Work task: Line by line, give the data again exactly as it appears, but without pictures.

--- Stored data ---

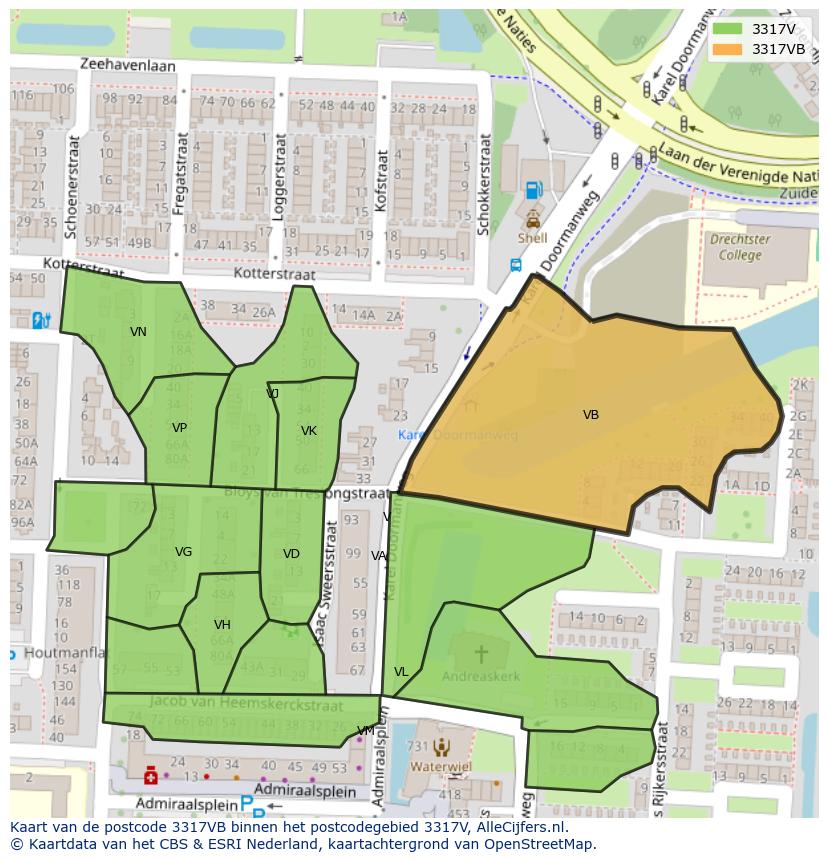 Afbeelding van het postcodegebied 3317 VB op de kaart.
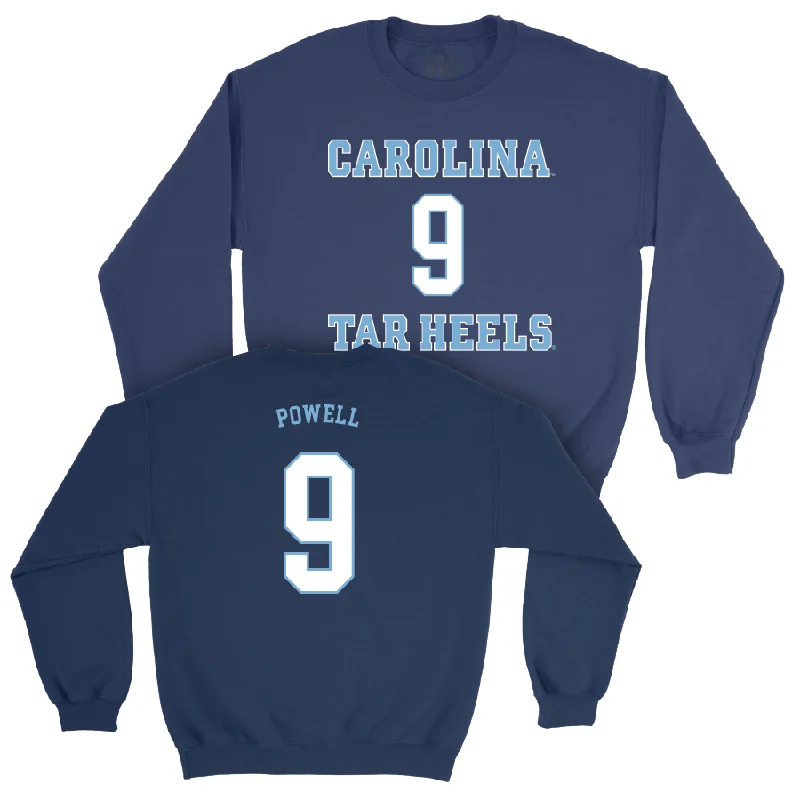 High-quality long sleeve shirts for screen printing designs-UNC Men's Basketball Sideline Navy Crew  - Drake Powell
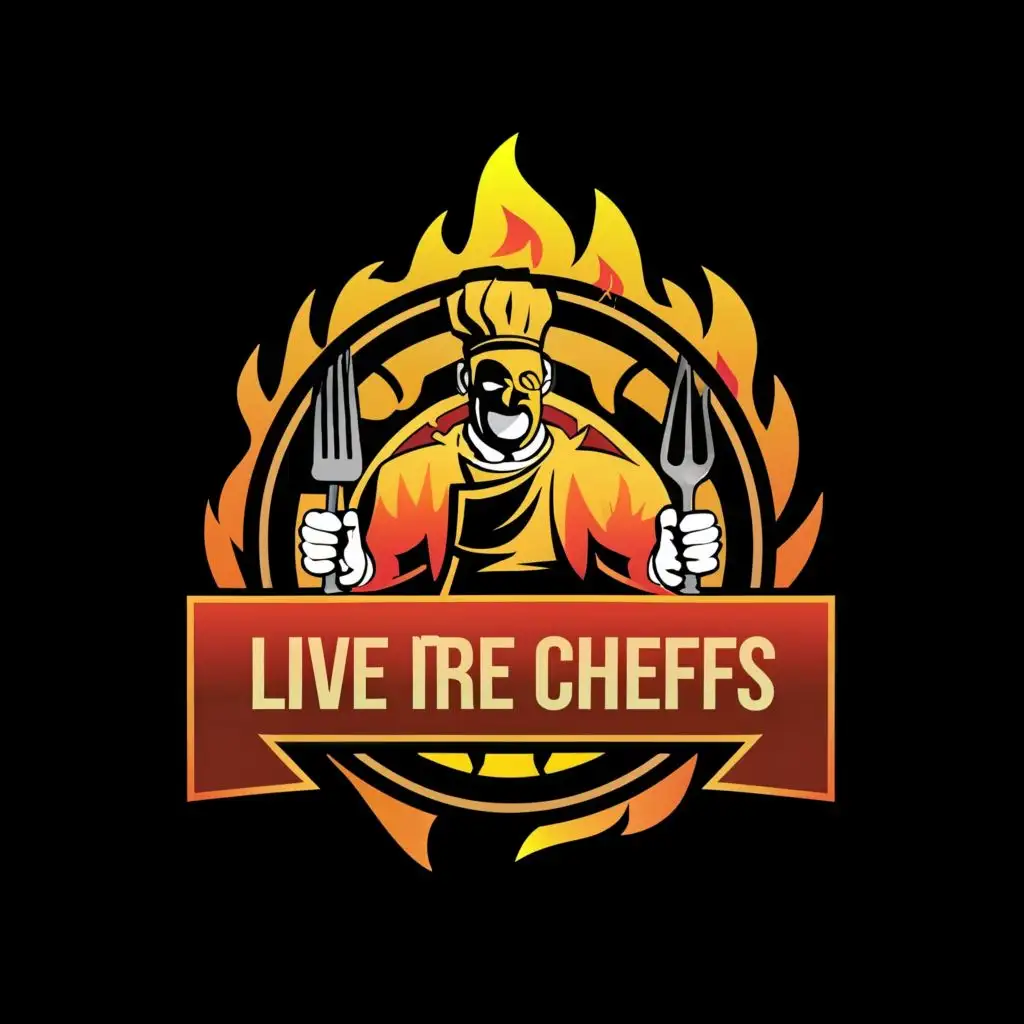 logo, fire chef , with the text "LIVE FIRE CHEFS", typography, be used in Restaurant industry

---

Reply:
 Afbeelding van het postcodegebied 3317 VB op de kaart.
 High-quality long sleeve shirts for screen printing designs-UNC Men's Basketball Sideline Navy Crew  - Drake Powell
 logo, fire chef , with the text "LIVE FIRE CHEFS", typography, be used in Restaurant industry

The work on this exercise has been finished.